PROBLEM STATEMENT
Repeat the entries that appear below, exactly as they are given.
### DATA EXTRACTS ###
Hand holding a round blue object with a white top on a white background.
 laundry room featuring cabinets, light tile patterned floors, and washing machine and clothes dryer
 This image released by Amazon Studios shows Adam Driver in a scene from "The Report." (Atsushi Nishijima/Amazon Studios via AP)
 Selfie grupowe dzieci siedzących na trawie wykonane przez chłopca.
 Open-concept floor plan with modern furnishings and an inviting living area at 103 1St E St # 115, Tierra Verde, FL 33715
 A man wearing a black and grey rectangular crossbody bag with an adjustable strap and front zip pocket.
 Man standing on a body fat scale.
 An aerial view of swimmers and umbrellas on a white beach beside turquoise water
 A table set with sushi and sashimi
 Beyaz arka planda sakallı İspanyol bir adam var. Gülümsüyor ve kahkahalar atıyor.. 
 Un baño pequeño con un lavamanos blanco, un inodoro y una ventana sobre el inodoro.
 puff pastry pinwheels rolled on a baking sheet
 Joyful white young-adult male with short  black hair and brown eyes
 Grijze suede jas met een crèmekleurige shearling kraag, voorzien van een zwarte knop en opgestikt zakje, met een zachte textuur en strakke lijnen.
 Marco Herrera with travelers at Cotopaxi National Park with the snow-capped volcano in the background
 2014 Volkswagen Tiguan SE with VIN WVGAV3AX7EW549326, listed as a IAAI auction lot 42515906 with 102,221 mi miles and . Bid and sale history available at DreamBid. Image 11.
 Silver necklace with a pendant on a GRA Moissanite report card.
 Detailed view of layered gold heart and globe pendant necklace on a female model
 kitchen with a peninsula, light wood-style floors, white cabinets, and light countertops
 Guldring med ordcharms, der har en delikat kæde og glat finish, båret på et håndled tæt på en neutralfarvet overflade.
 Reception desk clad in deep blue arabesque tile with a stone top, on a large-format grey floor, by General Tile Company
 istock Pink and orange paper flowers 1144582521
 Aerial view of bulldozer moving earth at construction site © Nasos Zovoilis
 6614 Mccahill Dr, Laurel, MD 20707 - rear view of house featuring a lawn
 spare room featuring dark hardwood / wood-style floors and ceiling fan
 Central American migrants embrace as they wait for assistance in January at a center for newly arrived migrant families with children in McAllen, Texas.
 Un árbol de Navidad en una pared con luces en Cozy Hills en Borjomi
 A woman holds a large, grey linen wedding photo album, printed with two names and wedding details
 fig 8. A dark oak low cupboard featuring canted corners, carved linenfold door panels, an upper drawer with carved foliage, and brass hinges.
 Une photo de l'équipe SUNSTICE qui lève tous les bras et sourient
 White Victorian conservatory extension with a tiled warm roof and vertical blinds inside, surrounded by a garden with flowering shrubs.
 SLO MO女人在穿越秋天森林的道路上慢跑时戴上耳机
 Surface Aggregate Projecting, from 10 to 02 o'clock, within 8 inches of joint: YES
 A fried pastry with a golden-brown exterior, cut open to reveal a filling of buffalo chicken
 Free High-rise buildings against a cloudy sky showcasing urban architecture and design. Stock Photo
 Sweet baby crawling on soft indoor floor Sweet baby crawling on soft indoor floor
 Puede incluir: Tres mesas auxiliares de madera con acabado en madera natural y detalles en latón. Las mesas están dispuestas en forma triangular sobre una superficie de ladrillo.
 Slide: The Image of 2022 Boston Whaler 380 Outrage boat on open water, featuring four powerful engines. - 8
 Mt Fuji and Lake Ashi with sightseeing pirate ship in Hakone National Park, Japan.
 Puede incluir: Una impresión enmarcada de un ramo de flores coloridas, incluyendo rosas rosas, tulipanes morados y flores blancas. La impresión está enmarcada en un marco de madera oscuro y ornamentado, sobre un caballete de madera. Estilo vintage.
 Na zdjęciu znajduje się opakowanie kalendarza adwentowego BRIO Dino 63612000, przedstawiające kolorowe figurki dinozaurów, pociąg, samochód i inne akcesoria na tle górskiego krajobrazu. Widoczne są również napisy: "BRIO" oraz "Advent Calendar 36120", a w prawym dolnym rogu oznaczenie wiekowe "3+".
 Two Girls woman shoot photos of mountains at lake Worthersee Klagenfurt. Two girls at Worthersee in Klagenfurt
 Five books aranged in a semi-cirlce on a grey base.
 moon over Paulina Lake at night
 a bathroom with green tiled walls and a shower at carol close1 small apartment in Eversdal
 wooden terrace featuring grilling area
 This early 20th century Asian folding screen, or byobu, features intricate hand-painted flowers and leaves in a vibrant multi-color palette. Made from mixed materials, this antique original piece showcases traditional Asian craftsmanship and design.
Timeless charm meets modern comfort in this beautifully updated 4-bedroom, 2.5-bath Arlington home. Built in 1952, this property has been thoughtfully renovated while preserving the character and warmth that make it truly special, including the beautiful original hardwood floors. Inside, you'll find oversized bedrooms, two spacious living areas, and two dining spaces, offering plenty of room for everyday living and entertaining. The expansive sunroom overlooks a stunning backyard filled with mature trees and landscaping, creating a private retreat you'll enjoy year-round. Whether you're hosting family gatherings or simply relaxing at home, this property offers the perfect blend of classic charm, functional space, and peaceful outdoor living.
###
SOLUTION BELOW
Hand holding a round blue object with a white top on a white background.
 laundry room featuring cabinets, light tile patterned floors, and washing machine and clothes dryer
 This image released by Amazon Studios shows Adam Driver in a scene from "The Report." (Atsushi Nishijima/Amazon Studios via AP)
 Selfie grupowe dzieci siedzących na trawie wykonane przez chłopca.
 Open-concept floor plan with modern furnishings and an inviting living area at 103 1St E St # 115, Tierra Verde, FL 33715
 A man wearing a black and grey rectangular crossbody bag with an adjustable strap and front zip pocket.
 Man standing on a body fat scale.
 An aerial view of swimmers and umbrellas on a white beach beside turquoise water
 A table set with sushi and sashimi
 Beyaz arka planda sakallı İspanyol bir adam var. Gülümsüyor ve kahkahalar atıyor.. 
 Un baño pequeño con un lavamanos blanco, un inodoro y una ventana sobre el inodoro.
 puff pastry pinwheels rolled on a baking sheet
 Joyful white young-adult male with short  black hair and brown eyes
 Grijze suede jas met een crèmekleurige shearling kraag, voorzien van een zwarte knop en opgestikt zakje, met een zachte textuur en strakke lijnen.
 Marco Herrera with travelers at Cotopaxi National Park with the snow-capped volcano in the background
 2014 Volkswagen Tiguan SE with VIN WVGAV3AX7EW549326, listed as a IAAI auction lot 42515906 with 102,221 mi miles and . Bid and sale history available at DreamBid. Image 11.
 Silver necklace with a pendant on a GRA Moissanite report card.
 Detailed view of layered gold heart and globe pendant necklace on a female model
 kitchen with a peninsula, light wood-style floors, white cabinets, and light countertops
 Guldring med ordcharms, der har en delikat kæde og glat finish, båret på et håndled tæt på en neutralfarvet overflade.
 Reception desk clad in deep blue arabesque tile with a stone top, on a large-format grey floor, by General Tile Company
 istock Pink and orange paper flowers 1144582521
 Aerial view of bulldozer moving earth at construction site © Nasos Zovoilis
 6614 Mccahill Dr, Laurel, MD 20707 - rear view of house featuring a lawn
 spare room featuring dark hardwood / wood-style floors and ceiling fan
 Central American migrants embrace as they wait for assistance in January at a center for newly arrived migrant families with children in McAllen, Texas.
 Un árbol de Navidad en una pared con luces en Cozy Hills en Borjomi
 A woman holds a large, grey linen wedding photo album, printed with two names and wedding details
 fig 8. A dark oak low cupboard featuring canted corners, carved linenfold door panels, an upper drawer with carved foliage, and brass hinges.
 Une photo de l'équipe SUNSTICE qui lève tous les bras et sourient
 White Victorian conservatory extension with a tiled warm roof and vertical blinds inside, surrounded by a garden with flowering shrubs.
 SLO MO女人在穿越秋天森林的道路上慢跑时戴上耳机
 Surface Aggregate Projecting, from 10 to 02 o'clock, within 8 inches of joint: YES
 A fried pastry with a golden-brown exterior, cut open to reveal a filling of buffalo chicken
 Free High-rise buildings against a cloudy sky showcasing urban architecture and design. Stock Photo
 Sweet baby crawling on soft indoor floor Sweet baby crawling on soft indoor floor
 Puede incluir: Tres mesas auxiliares de madera con acabado en madera natural y detalles en latón. Las mesas están dispuestas en forma triangular sobre una superficie de ladrillo.
 Slide: The Image of 2022 Boston Whaler 380 Outrage boat on open water, featuring four powerful engines. - 8
 Mt Fuji and Lake Ashi with sightseeing pirate ship in Hakone National Park, Japan.
 Puede incluir: Una impresión enmarcada de un ramo de flores coloridas, incluyendo rosas rosas, tulipanes morados y flores blancas. La impresión está enmarcada en un marco de madera oscuro y ornamentado, sobre un caballete de madera. Estilo vintage.
 Na zdjęciu znajduje się opakowanie kalendarza adwentowego BRIO Dino 63612000, przedstawiające kolorowe figurki dinozaurów, pociąg, samochód i inne akcesoria na tle górskiego krajobrazu. Widoczne są również napisy: "BRIO" oraz "Advent Calendar 36120", a w prawym dolnym rogu oznaczenie wiekowe "3+".
 Two Girls woman shoot photos of mountains at lake Worthersee Klagenfurt. Two girls at Worthersee in Klagenfurt
 Five books aranged in a semi-cirlce on a grey base.
 moon over Paulina Lake at night
 a bathroom with green tiled walls and a shower at carol close1 small apartment in Eversdal
 wooden terrace featuring grilling area
 This early 20th century Asian folding screen, or byobu, features intricate hand-painted flowers and leaves in a vibrant multi-color palette. Made from mixed materials, this antique original piece showcases traditional Asian craftsmanship and design.
Timeless charm meets modern comfort in this beautifully updated 4-bedroom, 2.5-bath Arlington home. Built in 1952, this property has been thoughtfully renovated while preserving the character and warmth that make it truly special, including the beautiful original hardwood floors. Inside, you'll find oversized bedrooms, two spacious living areas, and two dining spaces, offering plenty of room for everyday living and entertaining. The expansive sunroom overlooks a stunning backyard filled with mature trees and landscaping, creating a private retreat you'll enjoy year-round. Whether you're hosting family gatherings or simply relaxing at home, this property offers the perfect blend of classic charm, functional space, and peaceful outdoor living.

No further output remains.